The Ukrainian military said the Azovstal defenders had completed their mission just by forcing the Russians to keep on fighting for Mariupol, buying time for Ukrainian forces elsewhere, and their commanders had now been ordered to do what was necessary to “save their lives.”
In a televised address, Zelensky carefully avoided the word defeat and said he hoped to be able to swap the Azovstal prisoners for Russian soldiers captured in Ukraine.
“We hope that we will be able to save the lives of our guys,” he said. “There are severely wounded ones among them. They’re receiving care. Ukraine needs Ukrainian heroes alive.”
Russia is likely to drive a hard bargain in any prisoner swap, especially for soldiers from the Azov Regiment, which was set up as a paramilitary militia unit with far-right links during the original 2014 Donbas war. President Vladimir Putin has consistently portrayed his “special operation” in Ukraine as an attempt to “denazify” the country, and Azov has been the target of his TV propagandists.

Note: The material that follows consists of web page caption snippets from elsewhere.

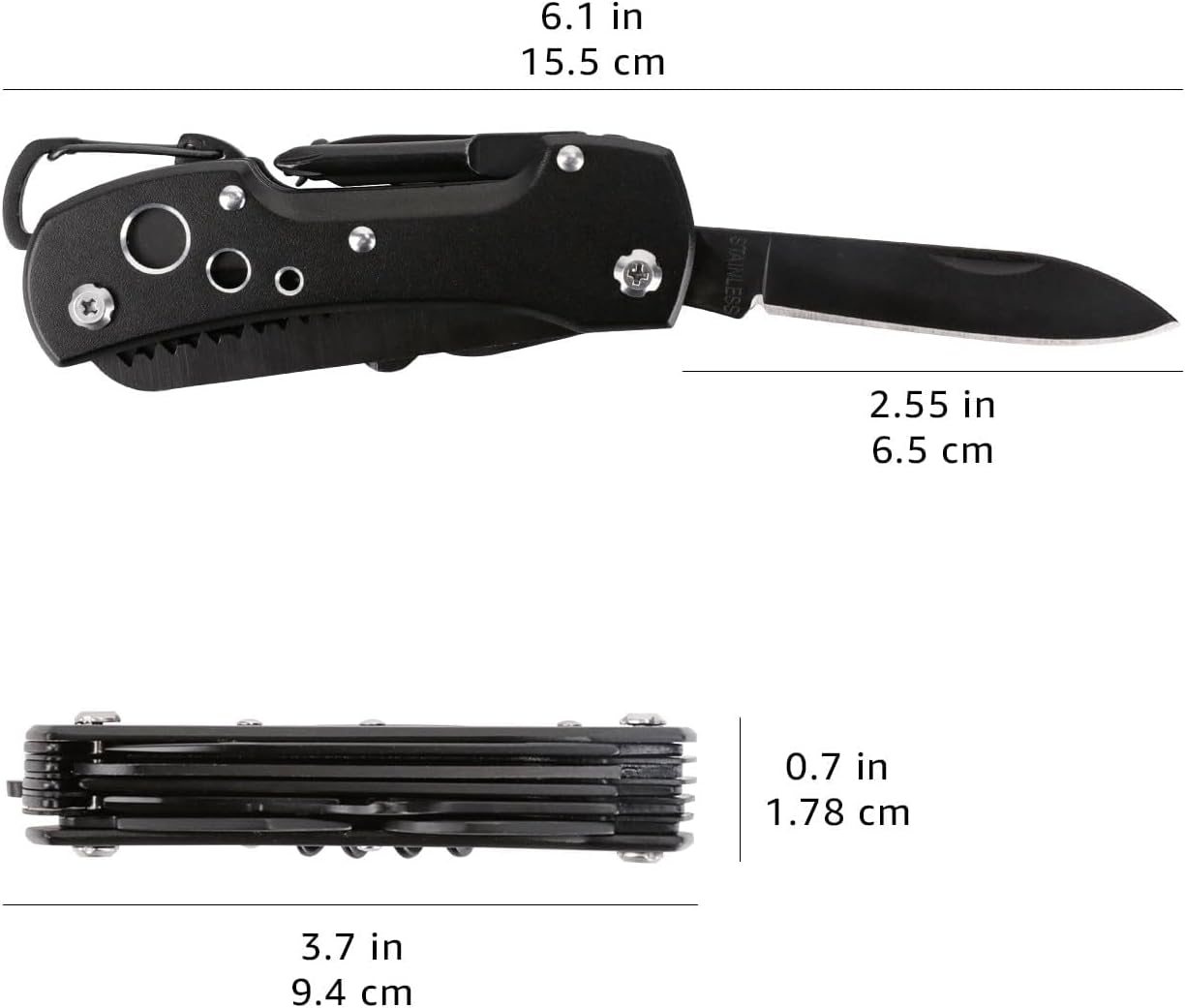 Amazon Basics 15-in-1-Multifunktions-Taschenmesser mit Tasche – Schwarz – Bild 5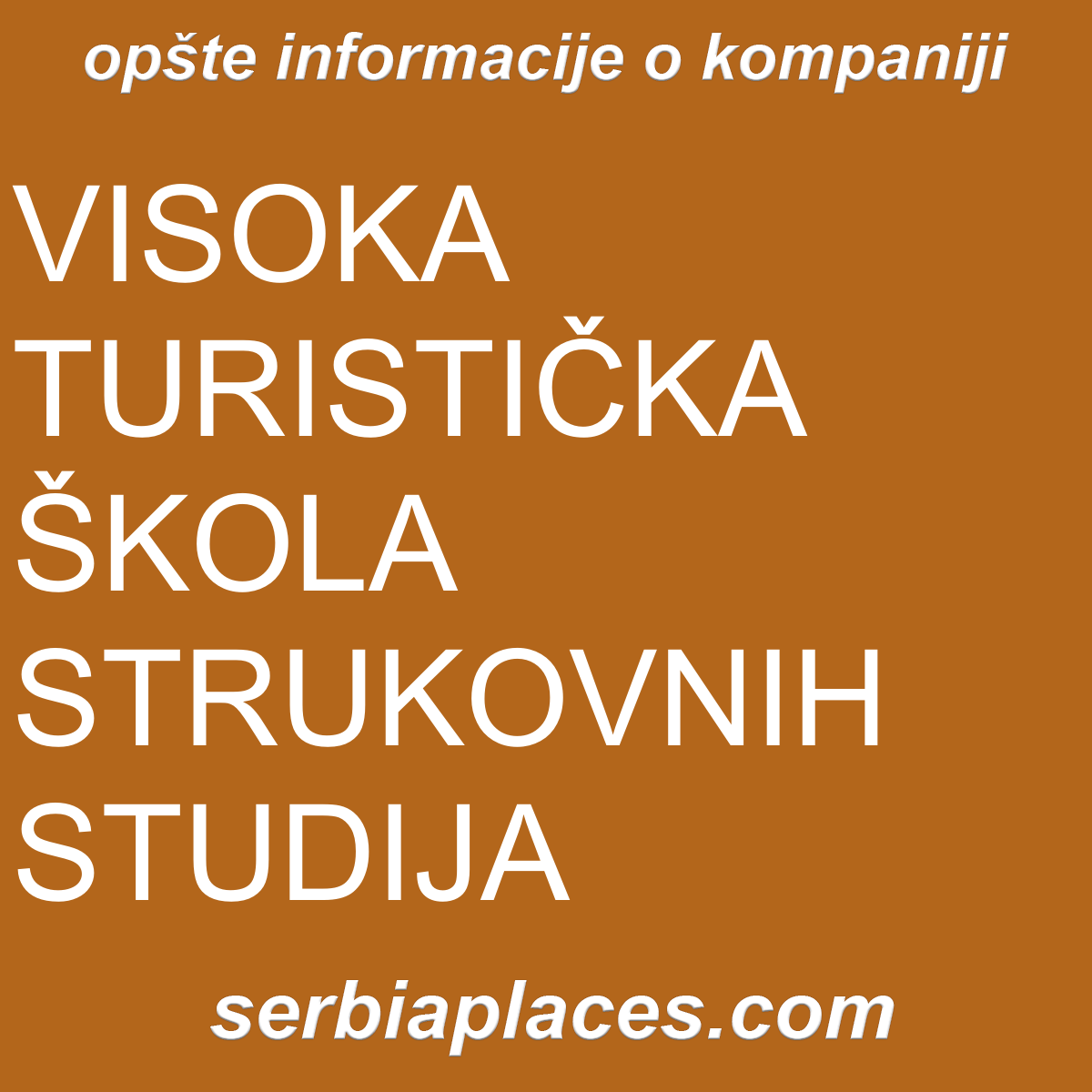 VISOKA TURISTIČKA ŠKOLA STRUKOVNIH STUDIJA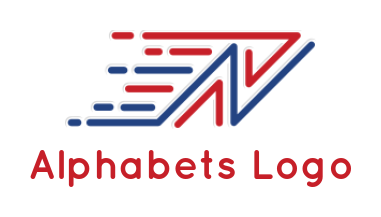 logistics logo speed lines with Letter N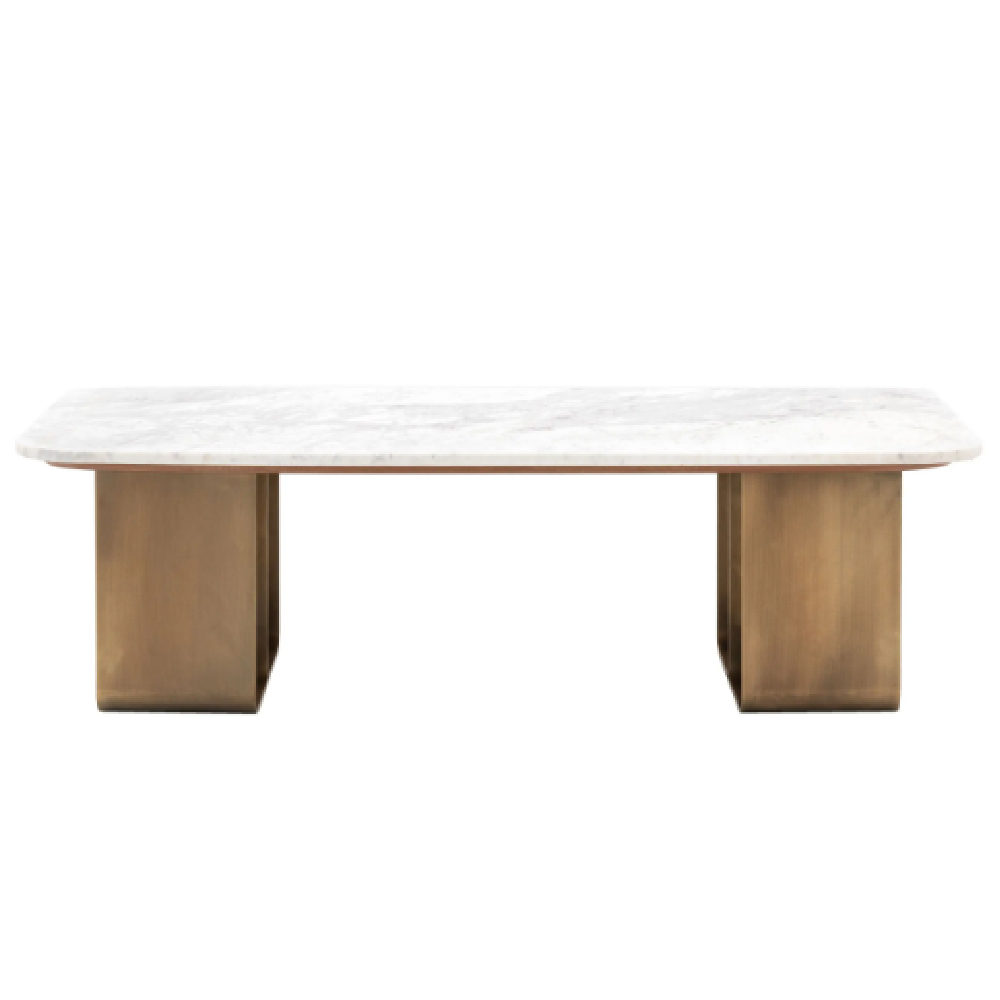 Duluth White Marble Top Coffee Table With Gold Base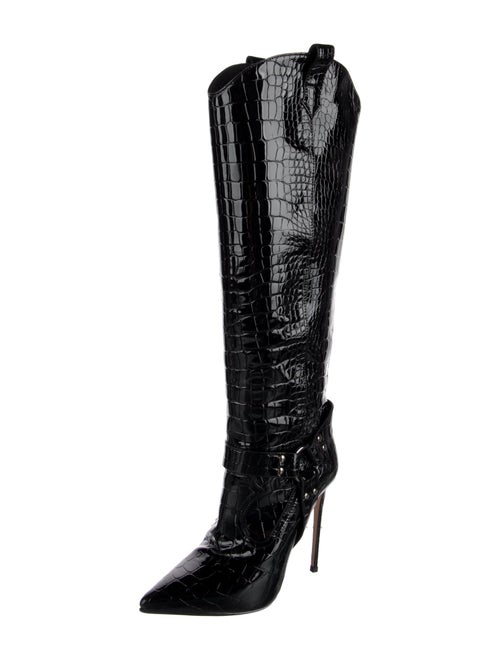 Le Silla Patent Leather Animal Print Boots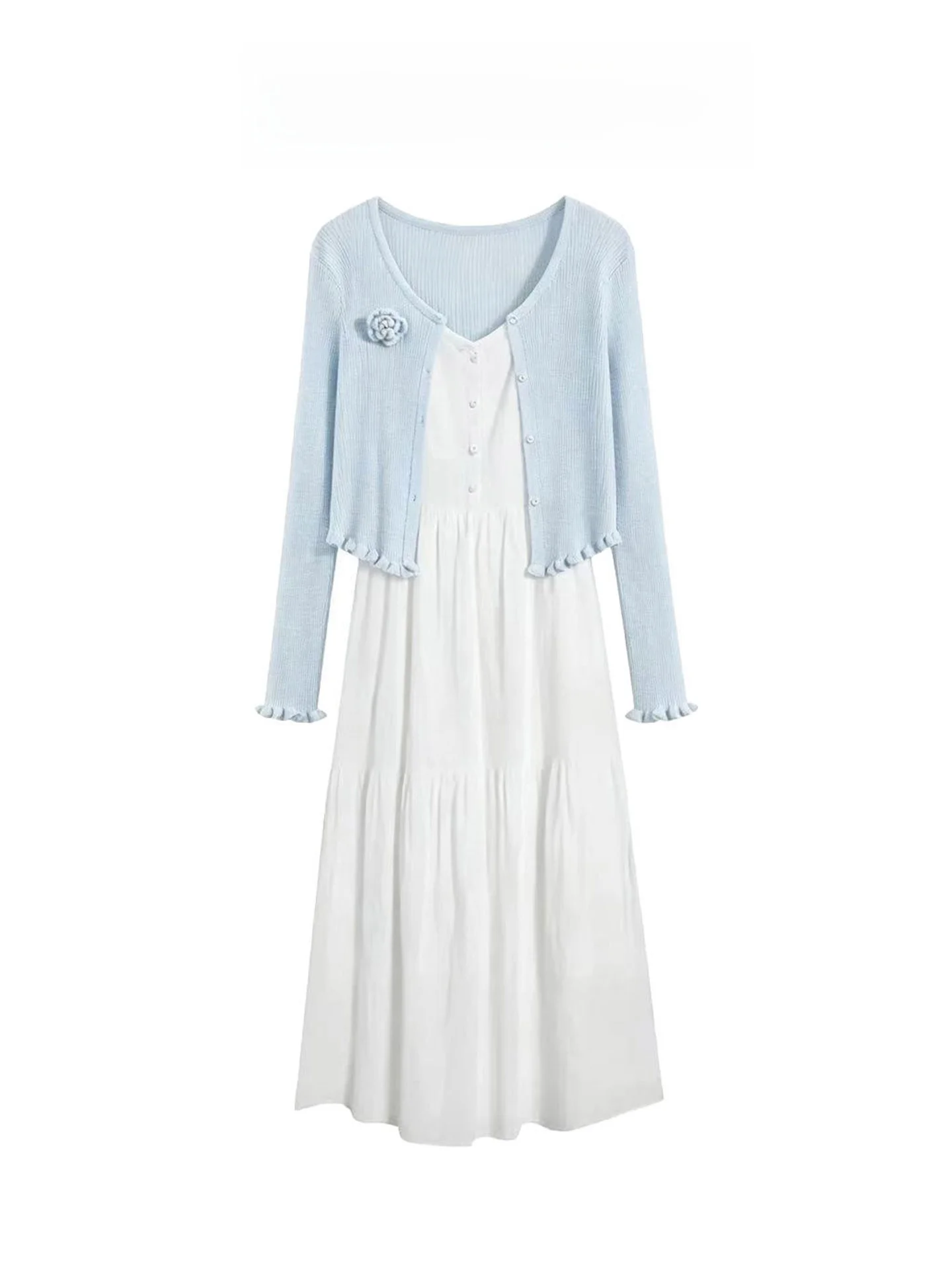 

Gentle Wind First Love White Dress Set Women Summer Beach Vacation Long Dress White Strapless Dress Princess Style Casual Date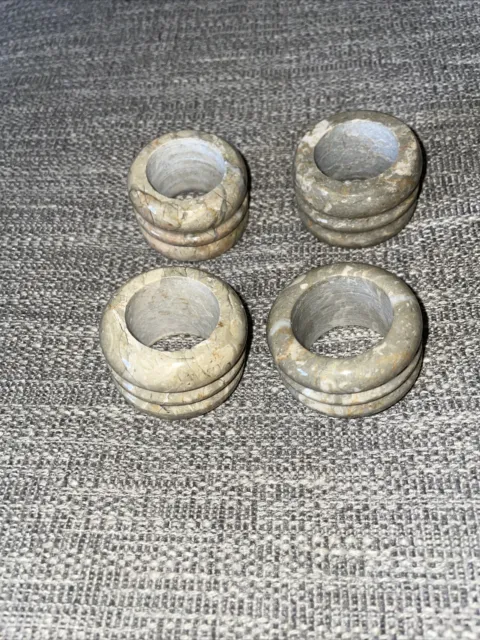 Vintage Genuine Onyx Marble Napkin Ring Holders Set of 4 Rare Hard To Find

Within hours of the Azovstal surrender, the Russian Duma was reportedly debating a law that would prevent Azov Regiment prisoners being swapped for Russians. Vyacheslav Volodin, the parliamentary speaker, said “Nazi criminals” should not be exchanged. Lawmaker Leonid Slutzky went even further, demanding a moratorium on the death penalty be lifted to punish the Ukrainian prisoners.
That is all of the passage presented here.